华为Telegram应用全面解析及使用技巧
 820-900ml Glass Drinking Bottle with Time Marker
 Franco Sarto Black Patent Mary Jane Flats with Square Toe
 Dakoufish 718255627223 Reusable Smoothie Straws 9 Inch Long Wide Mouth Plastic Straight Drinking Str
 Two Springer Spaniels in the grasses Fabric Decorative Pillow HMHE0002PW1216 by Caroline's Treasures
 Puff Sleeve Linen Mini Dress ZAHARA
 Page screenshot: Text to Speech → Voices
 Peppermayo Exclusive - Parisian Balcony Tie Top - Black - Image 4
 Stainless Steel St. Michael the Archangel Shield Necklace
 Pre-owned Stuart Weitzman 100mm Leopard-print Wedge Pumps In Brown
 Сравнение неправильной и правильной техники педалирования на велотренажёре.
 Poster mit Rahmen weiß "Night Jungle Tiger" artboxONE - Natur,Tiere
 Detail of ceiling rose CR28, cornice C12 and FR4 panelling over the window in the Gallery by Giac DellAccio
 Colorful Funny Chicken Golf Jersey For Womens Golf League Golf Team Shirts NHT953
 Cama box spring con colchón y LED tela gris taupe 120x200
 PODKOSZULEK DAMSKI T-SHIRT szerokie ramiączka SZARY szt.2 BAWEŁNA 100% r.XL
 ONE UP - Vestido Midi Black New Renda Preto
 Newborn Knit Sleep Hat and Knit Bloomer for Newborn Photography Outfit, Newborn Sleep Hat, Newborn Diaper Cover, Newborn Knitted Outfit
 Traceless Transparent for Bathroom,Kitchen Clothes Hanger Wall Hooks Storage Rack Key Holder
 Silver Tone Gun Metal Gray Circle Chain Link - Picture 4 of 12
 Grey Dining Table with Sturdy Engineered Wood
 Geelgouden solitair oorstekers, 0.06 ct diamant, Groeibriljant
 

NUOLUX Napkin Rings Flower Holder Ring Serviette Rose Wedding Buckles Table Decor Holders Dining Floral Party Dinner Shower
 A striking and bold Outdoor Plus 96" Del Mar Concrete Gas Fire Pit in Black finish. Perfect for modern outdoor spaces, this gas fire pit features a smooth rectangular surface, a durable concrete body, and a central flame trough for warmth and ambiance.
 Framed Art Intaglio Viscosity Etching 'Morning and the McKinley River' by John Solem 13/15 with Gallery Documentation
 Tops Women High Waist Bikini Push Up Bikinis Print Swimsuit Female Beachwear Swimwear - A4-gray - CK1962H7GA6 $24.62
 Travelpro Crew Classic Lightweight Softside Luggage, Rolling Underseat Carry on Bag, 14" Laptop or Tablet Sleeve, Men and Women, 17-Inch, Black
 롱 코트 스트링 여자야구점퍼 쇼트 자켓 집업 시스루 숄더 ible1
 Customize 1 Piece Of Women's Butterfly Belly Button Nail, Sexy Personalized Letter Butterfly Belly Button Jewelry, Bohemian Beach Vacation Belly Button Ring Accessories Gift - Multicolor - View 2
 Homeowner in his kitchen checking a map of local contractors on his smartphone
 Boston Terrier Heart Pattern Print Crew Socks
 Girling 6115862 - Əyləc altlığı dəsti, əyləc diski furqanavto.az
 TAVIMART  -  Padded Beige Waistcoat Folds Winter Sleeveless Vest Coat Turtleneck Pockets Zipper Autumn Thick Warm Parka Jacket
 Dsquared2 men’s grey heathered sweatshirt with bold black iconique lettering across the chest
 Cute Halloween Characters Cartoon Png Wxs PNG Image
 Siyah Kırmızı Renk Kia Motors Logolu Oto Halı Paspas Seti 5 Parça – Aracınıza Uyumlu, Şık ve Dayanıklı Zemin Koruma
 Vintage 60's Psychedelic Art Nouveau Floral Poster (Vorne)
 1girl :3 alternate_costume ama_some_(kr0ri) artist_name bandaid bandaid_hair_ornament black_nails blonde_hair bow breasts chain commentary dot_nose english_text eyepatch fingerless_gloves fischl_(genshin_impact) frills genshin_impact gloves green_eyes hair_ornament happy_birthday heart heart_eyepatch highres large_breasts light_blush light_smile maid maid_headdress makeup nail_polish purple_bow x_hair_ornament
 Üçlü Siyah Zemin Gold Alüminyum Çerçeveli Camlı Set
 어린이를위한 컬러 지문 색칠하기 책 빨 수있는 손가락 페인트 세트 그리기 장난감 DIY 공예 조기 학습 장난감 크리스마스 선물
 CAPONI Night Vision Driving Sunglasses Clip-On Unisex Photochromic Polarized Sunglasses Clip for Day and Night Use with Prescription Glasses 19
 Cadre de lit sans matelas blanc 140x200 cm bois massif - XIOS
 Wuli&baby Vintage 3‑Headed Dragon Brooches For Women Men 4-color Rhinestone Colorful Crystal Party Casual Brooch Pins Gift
────────────────
WHAT YOU WILL DO = Wherever the string "Vintage" appears in the entries above, list that line.

EXERCISE RESULT =
 Vintage 60's Psychedelic Art Nouveau Floral Poster (Vorne)
 Wuli&baby Vintage 3‑Headed Dragon Brooches For Women Men 4-color Rhinestone Colorful Crystal Party Casual Brooch Pins Gift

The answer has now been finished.